The question: We have a 19-year-old daughter whom I worry about. Although she’s a good person and has a strong work ethic, she also loves to party. She seems to drink and smoke pot a fair bit and has experimented with harder drugs. She doesn’t have a clear idea of what she wants to do in life but is planning to move to a big city in the near future. I myself grew up in hard circumstances and saw many people caught up in addictions, violence and basically come to sorry ends. I had close calls myself, but haven’t shared many of the details of my youth with her as I always hoped she would have an easier and less traumatic life. She thinks of me as a worrywart; I think she is fearless and naive. What can I do to help protect her from the risks inherent in her lifestyle?

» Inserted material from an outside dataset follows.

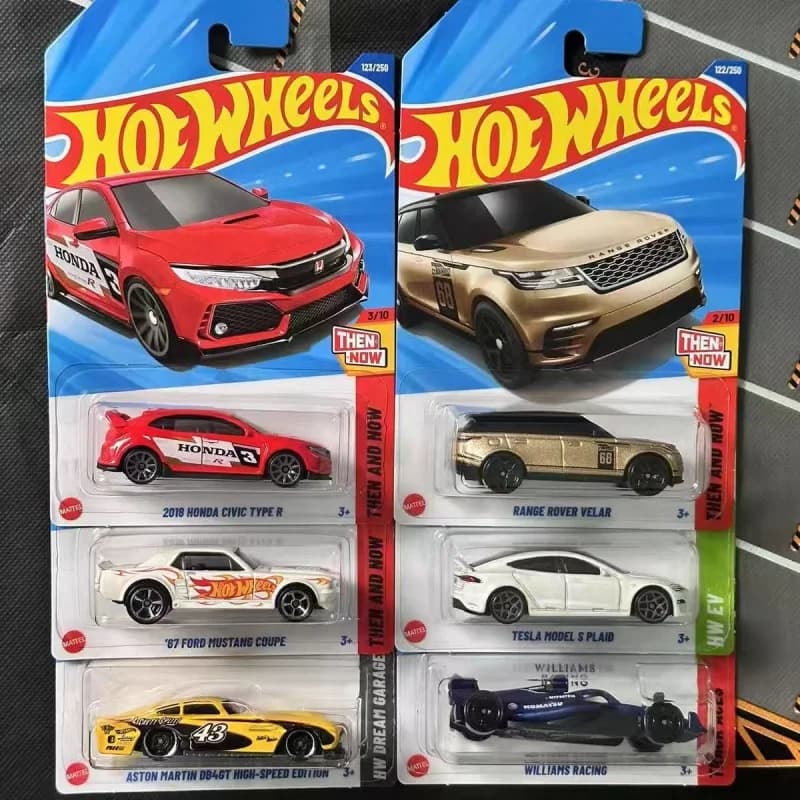 Hotwheels Auto sportiva in lega Mini F1 Modello giocattolo da corsa Display da tavolo Regalo di Natale di compleanno Attira ricchezza Auto per gatti da collezione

The answer: I feel your pain, and your worry.

I have a 16-year-old, a 14-year-old and an 11-year-old, and I worry so hard about all of them, all the time.

Sometimes I wake up in the middle of the night: Will my boys be able to take potable water as for granted in their lifetimes as I have in mine? What about seafood? (Me to my boys, as they stare at me with saucer eyes, lower lips trembling: “Eat seafood now, while you have a chance, even if you don’t like it! It may not be around when you grow up!”) Will they find love and, if so, will it last? Will they live in relative peace or in constant fear of trains, planes, pressure cookers full of nails, and “dirty bombs” exploding wherever they go?

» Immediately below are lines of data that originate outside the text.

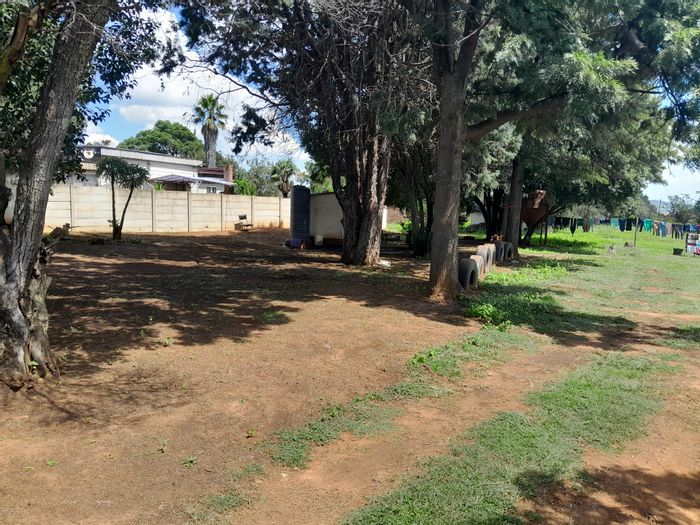 Vacant Land Residential For Sale in Balfour Central, 2885 m² for development.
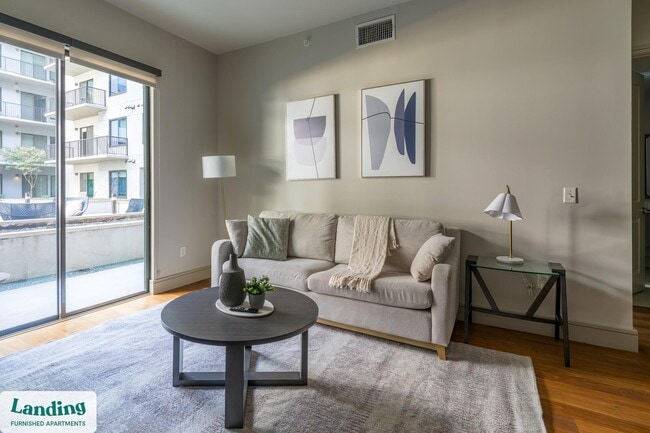 Building Photo - 1414 Wood Hollow Dr Unit 1-336.1407272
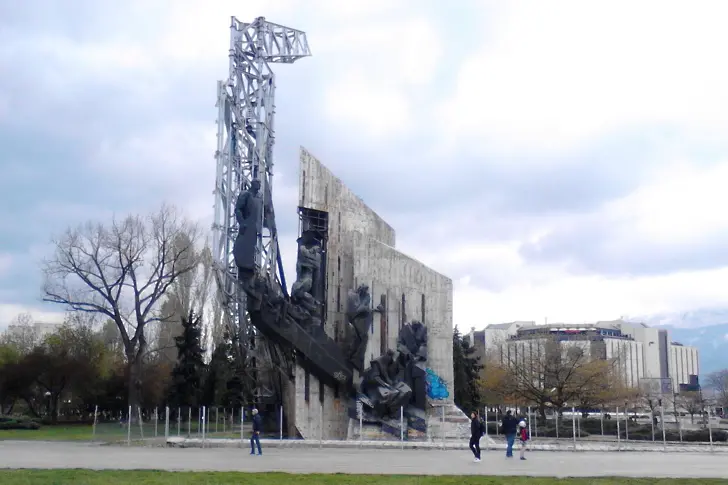 Паметникът почти разглобен, Старчев още иска реставрацията му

Basically, when I think of the future, I have to fight off a vision of my boys sifting through the smoking rubble of a post-apocalyptic world, looking for refundable bottles.

Luckily, I’m married to a much more optimistic person. My wife Pam is always urging me to focus on the positive, so here goes:

Your daughter is probably going through a phase. At 19, most of the people I knew were making less-than-stellar lifestyle choices, and most of them turned out all right: went on to become lawyers, investment bankers, documentary filmmakers, diplomats – even architects! But the pessimist/worrywart in me wants to emphasize the phrase “most of.” The party lifestyle did catch up with some, and dragged them down. You definitely want to avoid that.

I don’t think an authoritarian approach would do you much good. I remember enough about teenager-dom to recall that when an adult tried to tell me what to do, I’d roll my eyes, shake my giant blonde WASP-fro impatiently, stomp out of the room like a Clydesdale and do the exact opposite.

The other, possibly-not-what-you-want-to-hear news is: At age 19, your kid is no longer a kid. She can legally vote, drink, drive and have consensual sexual relations. In the eyes of the law, she is now an adult, responsible for her own decisions. Tough as it is, maybe it’s time you start looking at her that way, too.

Like it or not, you are now in an advisory rather than supervisory role, which doesn’t mean you can’t tell her what you think. You have her best interests at heart, and deep down she knows it.

Tell her you think she’s partying too heartily and dreams don’t automatically come true the day you jump off a bus in a big city with $2,000 in your chequing account.

Tell her making your way in life is a lot tougher than it looks, and she needs to be moderate, hatch a plan and execute it with vigour and focus.

You haven’t mentioned your own past or the people you knew who succumbed to addiction. Why not? That could be just the type of “cautionary tale” that might sink in more than any abstract, moralizing lecture.

(You’re not funding any of her high-social-butterflying shenanigans, I hope. If so, cease and desist immediately.)

She may need to go to Whatever City, get chewed up and spat out, and wind up back on your couch, licking her wounds, before she starts to see the righteous sense in what you’re saying.

Sometimes we as parents have to bite our lips, stand back, and let our kids make their own mistakes, painful as it may be.

Those are the lessons that really stick, anyway.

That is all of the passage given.